Education budget insufficient
He said African Education Watch reported that despite increases in the education budget, Ghana’s average budget on education spending from 2017 to 2026 stood at 3.7 per cent of GDP, when generally the target was five per cent.
He said the sectoral share of total government expenditure also averaged 16.6 per cent, with the lower range of UNESCO’s recommended minimum of 15 to 20 per cent.
He said the 2026 education allocation stood at 16.2 per cent of government spending and 3.1 per cent of GDP.
Dr Chambas said while these figures met the minimum benchmark, they were insufficient to deliver the transformation needed.
He stressed that developed countries such as Singapore, Malaysia and India had prioritised and made significant investments in technical and vocational education and teacher development.
He said these countries had achieved educational excellence, combined policy continuity, investment in teacher quality, balanced curricula and financing mechanisms that addressed inequalities and innovation ecosystems connecting education and economic opportunities.
“If Ghana rethinks education for sustainable development, the goal should not be to replicate other single models anywhere but to forge a uniquely Ghanaian practice that builds an educational system capable of combining these innovations with local realities and traditional education systems,” he said.
Integrity and ethics
Dr Chambas further stated that the nation’s education system must cultivate citizenship and ethics.
“Our schools must become laboratories of integrity, innovation and civic responsibility. We must raise learners who understand that sustainability is not theory but practical, leadership is not a position, it’s a responsibility,” he stated.
“We must foster a sense of sankofa not just as a symbol but as a principle of learning from the past to build a better future.
He said learners must understand that their actions and inaction impacted the next generation and must consciously work towards sustainability.
He said the school system must teach integrity not just as a topic in religious and moral education but as a lived practice.
Dr Chambas called for more investment and to ensure teachers were adequately motivated, respected and resourced, saying the future of the country hinged on teachers.
Bridge gap
The Chief Executive Officer of Telecel Ghana, Patricia Obo-Nai, said learning must bridge the gap between industry and the classroom to make the needed impact.

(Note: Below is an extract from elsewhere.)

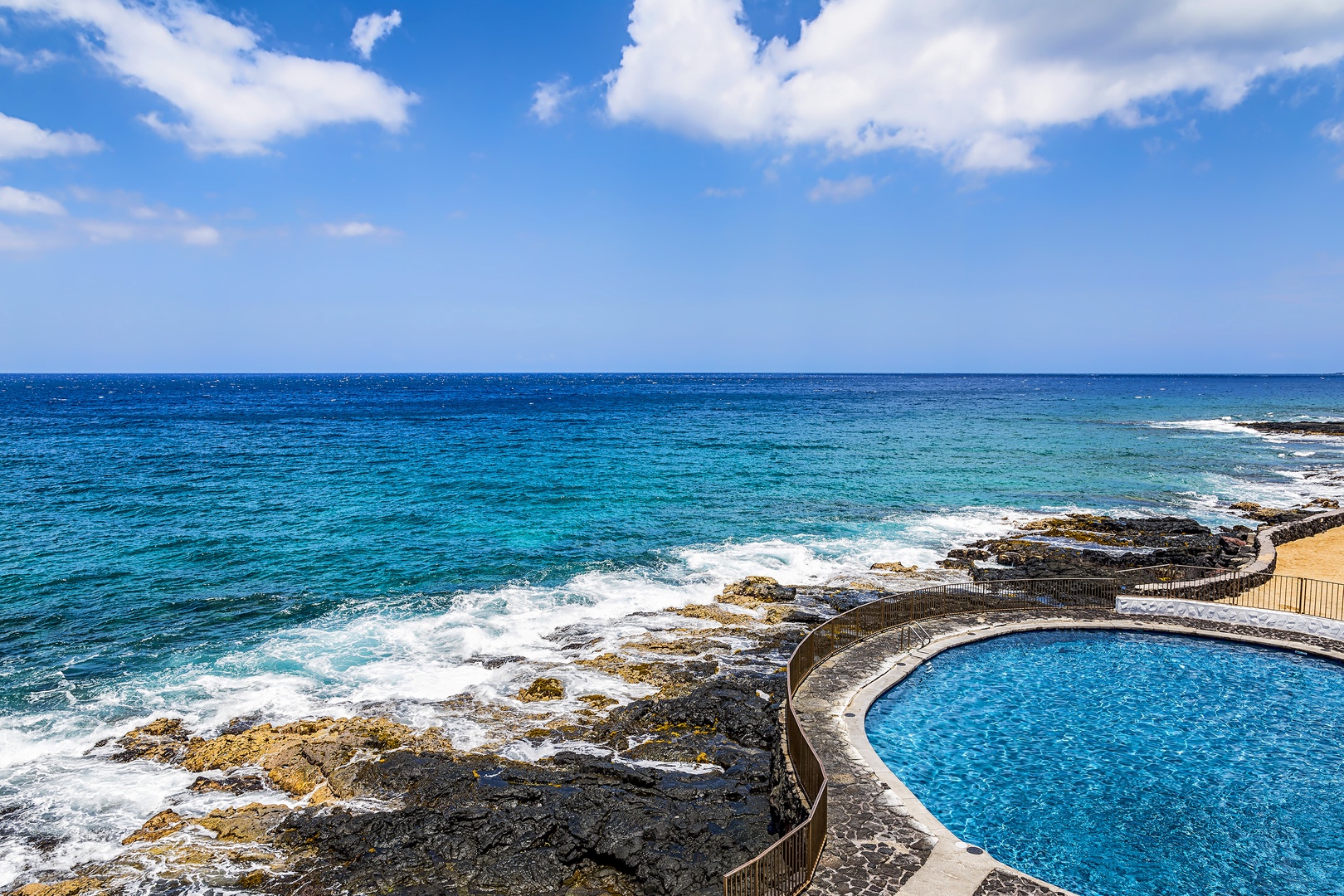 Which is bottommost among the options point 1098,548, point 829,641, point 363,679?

For his part, the Vice-Chancellor of UEW, Prof. Stephen Jobson Mitchual, said the university was committed to working towards education that was forward-looking and inclusive, targeted at training job creators to help address the unemployment challenge in the country.
The Special Advisor to the Minister of Education, Prof. George Oduro, said the ministry would work on building a strong foundational structure at the basic level for the educational system to support the nation’s transformational agenda.